252(4) Dans la présente loi :

a) les mots se rapportant au conjoint d'un contribuable à un moment donné visent également la personne de sexe opposé qui, à ce moment, vit avec le contribuable en union conjugale et a vécu ainsi durant une période de douze mois se terminant avant ce moment ou qui, à ce moment, vit avec le contribuable en union conjugale et est le père ou la mère d'un enfant dont le contribuable est le père ou la mère, compte non tenu de l'alinéa (1)e) et du sous-alinéa (2)a)(iii); pour l'application du présent alinéa, les personnes qui, à un moment quelconque, vivent ensemble en union conjugale sont réputées vivre ainsi à un moment donné après ce moment, sauf si elles ne vivaient pas ensemble au moment donné, pour cause d'échec de leur union, pendant une période d'au moins 90 jours qui comprend le moment donné;

248(1) « conjoint de fait » Quant à un contribuable à un moment donné, personne qui, à ce moment, vit dans une relation conjugale avec le contribuable et qui, selon le cas :

a) a vécu ainsi tout au long d'une période d'un an se terminant avant ce moment;

b) est le père ou la mère d'un enfant dont le contribuable est le père ou la mère, compte non tenu des alinéas 252(1)c) et e) ni du sous-alinéa 252(2)a)(iii).

Pour l'application de la présente définition, les personnes qui, à un moment quelconque, vivent ensemble dans une relation conjugale sont réputées, à un moment donné après ce moment, vivre ainsi sauf si elles ne vivaient pas ensemble au moment donné, pour cause d'échec de leur relation, pendant une période d'au moins 90 jours qui comprend le moment donné.

[13]     Que veut donc dire cette notion d'union conjugale ou de relation conjugale, selon la définition qu'on choisit? La juge Lamarre Proulx dans l'affaire Milot c. Canada, [1995] A.C.I. no 412 (Q.L.) a énoncé les facteurs retenus par la Cour de district de l'Ontario dans l'affaire Molodowich v. Penttinen (1980), 17 R.F.L. (2d) 376, pour tenter d'établir ce que constitue des relations conjugales. Le partage du logement, le comportement sexuel et personnel, les services (tels la préparation des repas, l'entretien du foyer), les activités sociales, l'attitude de la société envers le couple, le soutien financier et le comportement de chacun vis-à-vis des enfants sont des éléments à considérer à des degrés divers.

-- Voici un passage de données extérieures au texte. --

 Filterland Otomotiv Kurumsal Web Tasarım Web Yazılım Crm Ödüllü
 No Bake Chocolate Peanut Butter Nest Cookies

[14]     La Cour suprême du Canada dans l'arrêt M c. H. [1999] 2 R.C.S. 3, a donné son aval aux facteurs énoncés dans l'affaire Molodowich, se prononçant comme suit (au paragraphe 59) :

Molodowich c. Penttinen (1980), 17 R.F.L. (2d) 376 (C. dist. Ont.), énonce les caractéristiques généralement acceptées de l'union conjugale, soit le partage d'un toit, les rapports personnels et sexuels, les services, les activités sociales, le soutien financier, les enfants et aussi l'image sociétale du couple.    Toutefois, il a été reconnu que ces éléments peuvent être présents à des degrés divers et que tous ne sont pas nécessaires pour que l'union soit tenue pour conjugale.    S'il est vrai que l'image sociétale des couples de même sexe ne fait pas nécessairement l'objet d'un consensus, l'on s'entend pour dire qu'ils ont en commun bon nombre des autres caractéristiques "conjugales".    Pour être visés par la définition, ni les couples de sexe différent ni les couples de même sexe n'ont besoin de se conformer parfaitement au modèle matrimonial traditionnel afin de prouver que leur union est "conjugale".

Un couple de sexe différent peut certainement, après de nombreuses années de vie commune, être considéré comme formant une union conjugale, même sans enfants ni relations sexuelles.    Évidemment, le poids à accorder aux divers éléments ou facteurs qui doivent être pris en considération pour déterminer si un couple de sexe différent forme une union conjugale variera grandement, presque à l'infini [. . .] Les tribunaux ont eu la sagesse d'adopter une méthode souple pour déterminer si une union est conjugale.    Il doit en être ainsi parce que les rapports dans les couples varient beaucoup. [. . .]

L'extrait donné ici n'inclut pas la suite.